Purpose driven companies are winners
Companies that look beyond the bottom line often earn more money and garner greater affinity with customers in the long run.
This is the argument that scholar Caterina Bulgarella makes in her September column “Purpose-driven companies evolve faster than others” for Forbes. Purpose-driven companies that frame their goals on the lines of transforming peoples’ lives will not only achieve more sales, but have greater impact on consumers in the long run.
“Purpose does more than make a brand unique. It can shine a light on a business’ evolutionary path,” writes Bulgarella who teaches organizational behavior graduate courses at NYU as an adjunct professor and is an Ethical Systems core team member.
Bulgarella continues: “At a basic level, purpose can simply express what an organization aspires to be and do. But at a more advanced one, it becomes a conscious expression of how an organization intends to evolve and transform itself.”
Bulgarella suggests that there are two different kinds of purpose – linear versus transformative. A basic example, according to Bulgarella, is that a watch company has the linear goal of helping people be on time. A more “transformative” articulation of their goal could be to “help people to achieve a more balanced life.” The –challenge, however, tends to be whether a company can effectively communicate its ultimate impact on a consumers’ life?
Research by PwC shows that more young adults in their ‘20s and ‘30s are attracted to working for purpose-driven companies. They also found that “79 percent of business leaders surveyed by PwC believe that an organization’s purpose is central to business success, yet 68% shared that purpose is not used as a guidepost in leadership decision making processes within their organization.”
Companies that extend into the purpose-driven path are making headlines. In January, social media behemoth Facebook made a splash when CEO Mark Zuckerberg announced the company would take action to bolster community engagement by promoting personal posts from family and friends versus public content via channels such as “News Feed.”
The announcement knocked 5 percent market capitalization from the company and the stock plummeted nearly 20 percent, a reminder that there is a price to pay to “develop the social infrastructure to give people the power to build a global community that works for all of us,” according to Zuckerberg, but nine months later Facebook holds its rank in the top 100 of Forbes digital companies, and despite a rocky year is #76 in Fortune 500 companies compared to #98 the previous year.

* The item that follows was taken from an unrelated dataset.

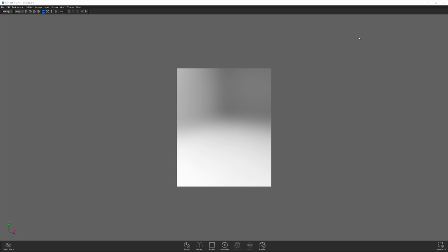This is a tutorial showing you how to set up and change Keyshot's user interface. I've had a lot of people ask what they should do when they try to follow one of my tutorials and their Keyshot interface does not look like mine. So I want to show you that you can change it - it's really simple.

Facebook is an example of a billion-dollar company publicly attempting to transform itself into what some might argue as a Do-Gooder or into being more socially responsible; there are a plethora of young companies and startups that were launched with just that in mind, according to Conscious Company Media. Some of the for-profit companies ranked with a mission are small to medium sized companies including Dr. Bronner’s, an organic fair trade soap business based in southern California.
To be sure, for sectors such as food and agriculture, purpose driven seems like a natural fit. Look no further than coffee giant Starbucks whose mission statement is, “To inspire and nurture the human spirit — one person, one cup and one neighborhood at a time.”
Indeed, economic success and a higher purpose can be synonymous. With Bulgarella’s argument established, the conversation can turn to how companies can align their strategy and operations with their transformative purpose. Considering the benefits for genuine purpose-driven companies, the benefits far outweigh any costs.